Fast Single-View NeRF with Meta-Learning

In my latest blog, I described why Neural Radiance Fields (NeRF) are still worth caring about, even in the era of 3D Gaussian Splatting (3DGS).

In this post, we are going to dive into single-view 3D reconstruction / novel-view synthesis. More specifically: given just one image of an object, can we quickly adapt a neural field so that it renders plausible views from new camera angles?

There are many ways to do that. In an upcoming blog, I will show how to directly regress 3DGS parameters from a single image. But here, we will take a different route:

meta-learning.

Instead of training a NeRF from scratch for every object, we train a model that learns a good initialization across many objects. Then, at test time, we only need a small amount of gradient descent on one input view to specialize the model to a new instance.

This idea comes from the paper:

Learned Initializations for Optimizing Coordinate-Based Neural Representations

and the implementation below is a compact PyTorch version of that idea, applied to NeRF-style rendering.

Why this works

Standard NeRF fitting is slow because every new scene starts from random weights. The network has to discover geometry, appearance, and density structure from scratch.

Meta-learning changes the question.

Instead of asking:

How do we optimize a NeRF for one object?

we ask:

Can we learn initial parameters that are already close to a good solution for many objects of the same category?

If the answer is yes, then adapting to a new object becomes much easier. A few gradient steps from a learned initialization can be enough to recover a useful scene representation.

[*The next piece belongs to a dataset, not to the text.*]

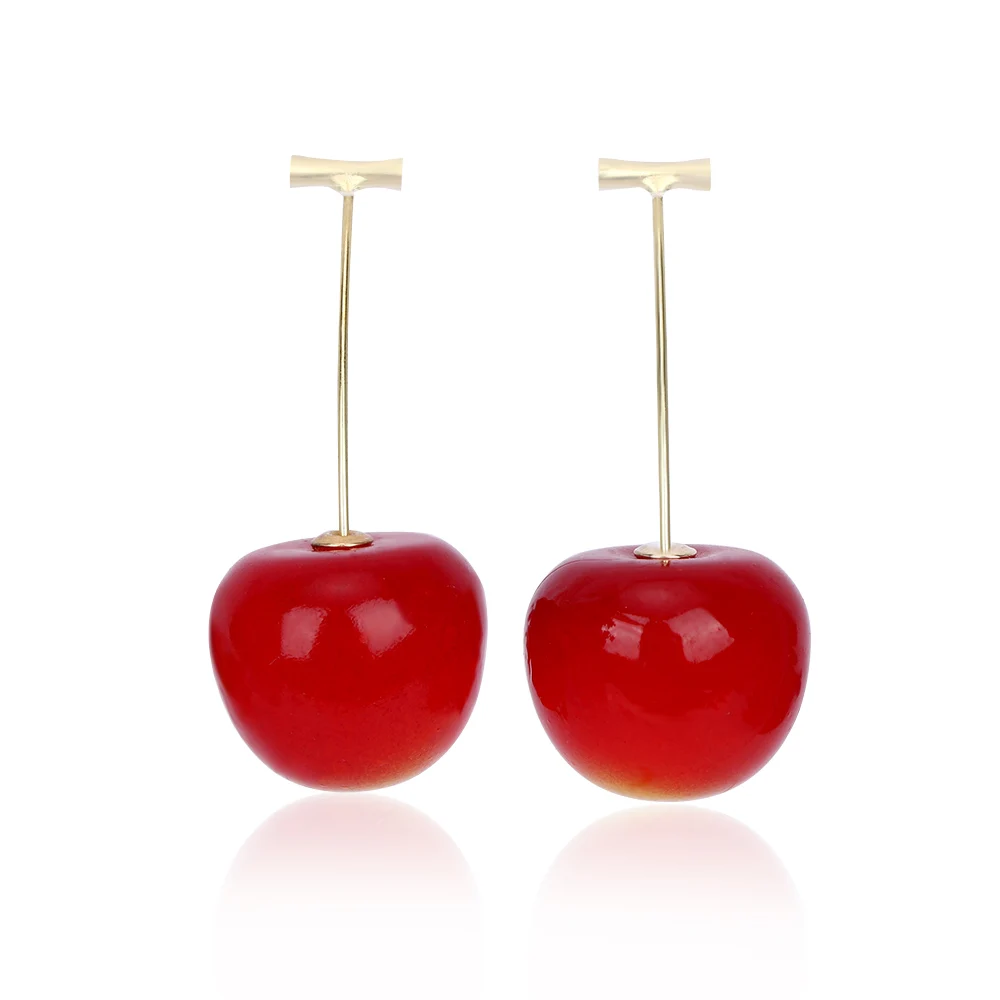 Fashion Red Cherry Drop Earring Sweet Fruit Long Earrings for Women Lady Gift Retro Jewelry Simulation Cherry Dangle Earring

That is exactly the setup in this code:

each task is one object instance
the model sees many tasks during meta-training
for each task, it performs a few inner-loop updates
the shared initialization is updated so that future adaptation becomes faster

This is classic few-shot adaptation, but applied to coordinate-based neural representations.

1. The big picture

Our pipeline has three moving parts:

A NeRF-style renderer

Given ray origins and ray directions, we sample 3D points along the rays, query an MLP for color and density, and integrate the result with volume rendering.

A task distribution

Each task corresponds to one scene or object. In this example, the dataset contains multiple car instances, each with multiple views and camera poses.

A meta-learning algorithm

We use Reptile, a first-order meta-learning method. For each sampled scene:

copy the meta-model
optimize it for a few steps on that scene
move the meta-model parameters toward the adapted weights

After repeating this over many scenes, the meta-model becomes a strong initialization for unseen objects.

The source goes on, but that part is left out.